Would you transcribe the listing exactly as it stands, minus any images?
Provided material Start Marker
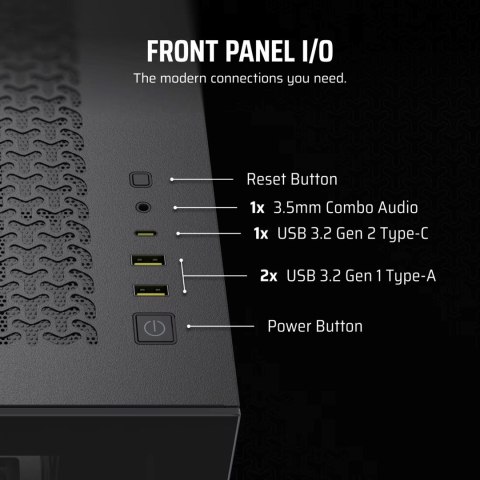 Obudowa Corsair 3500X RSR ARGB Tempered Glass Mid-Tower, Black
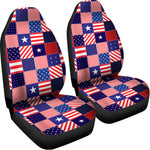 American Patriotic Patchwork Print Universal Fit Car Seat Covers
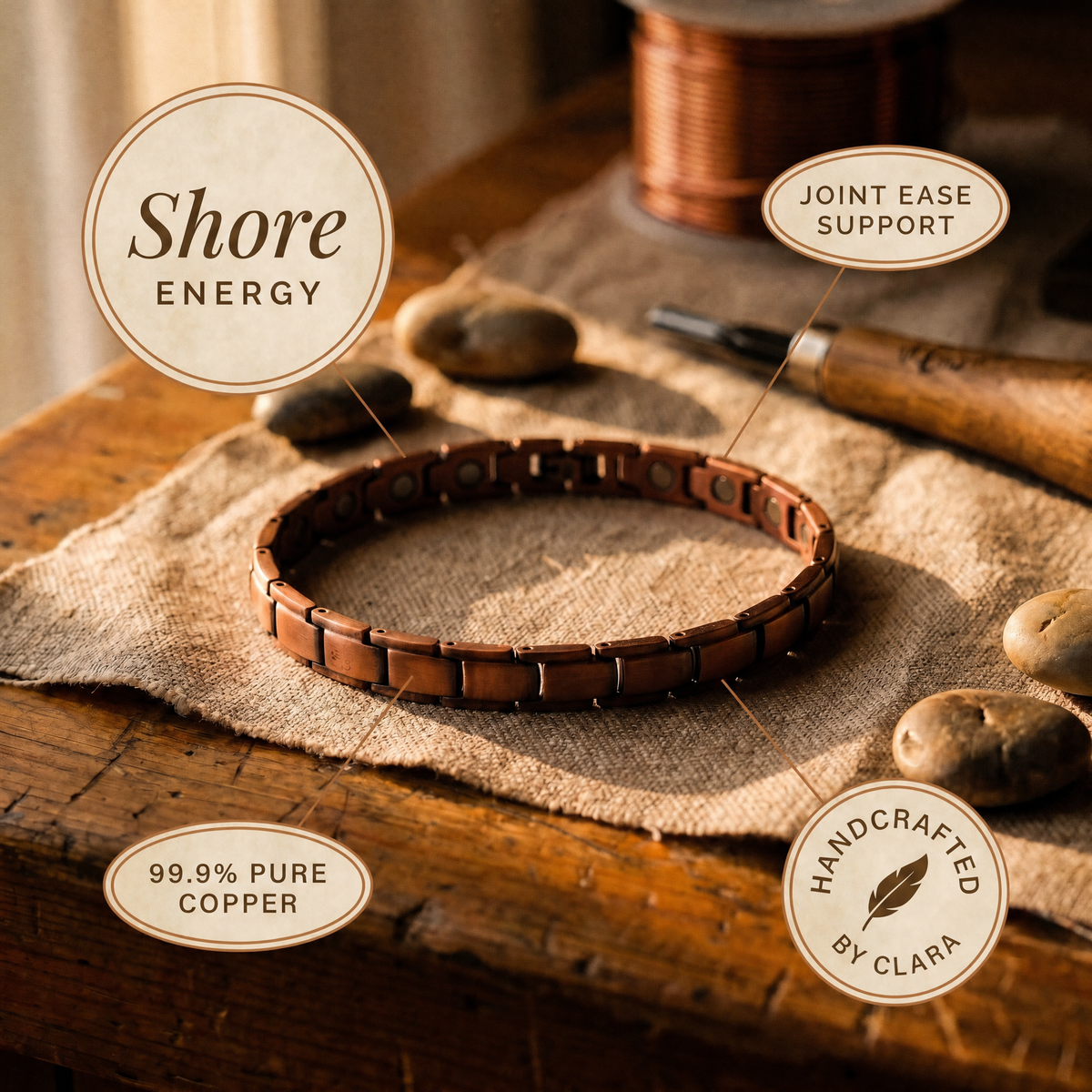 Clara's Shore Copper Anklet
Provided material End Marker
• _Output of the task_
 Obudowa Corsair 3500X RSR ARGB Tempered Glass Mid-Tower, Black
 American Patriotic Patchwork Print Universal Fit Car Seat Covers
 Clara's Shore Copper Anklet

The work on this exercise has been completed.